What you are asked to do: Nothing may be left out of the listing below but its images; repeat the rest exactly.

Data:
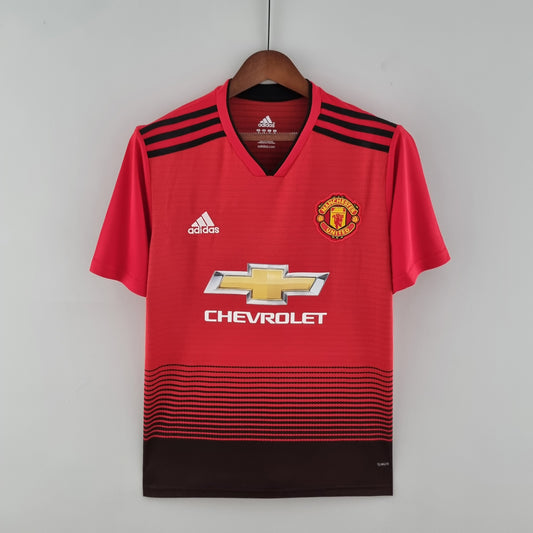 Retro MANCHESTER UNITED(33)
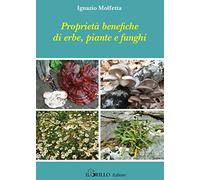 Proprietà benefiche di erbe, piante e funghi - [Il Grillo]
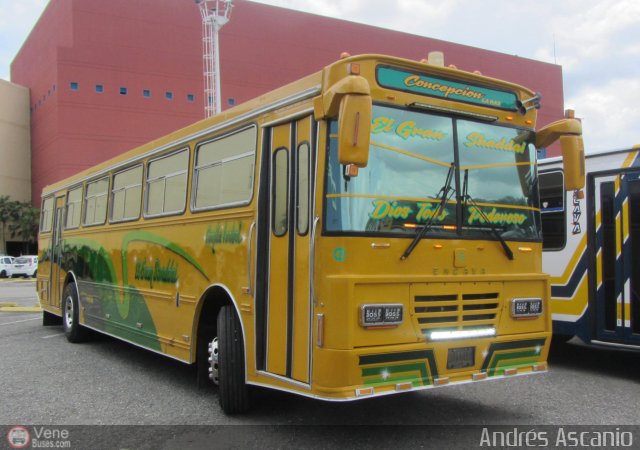 ZU - Colectivos Concepcin 043 por Andrs Ascanio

Response area:
 Retro MANCHESTER UNITED(33)
 Proprietà benefiche di erbe, piante e funghi - [Il Grillo]
 ZU - Colectivos Concepcin 043 por Andrs Ascanio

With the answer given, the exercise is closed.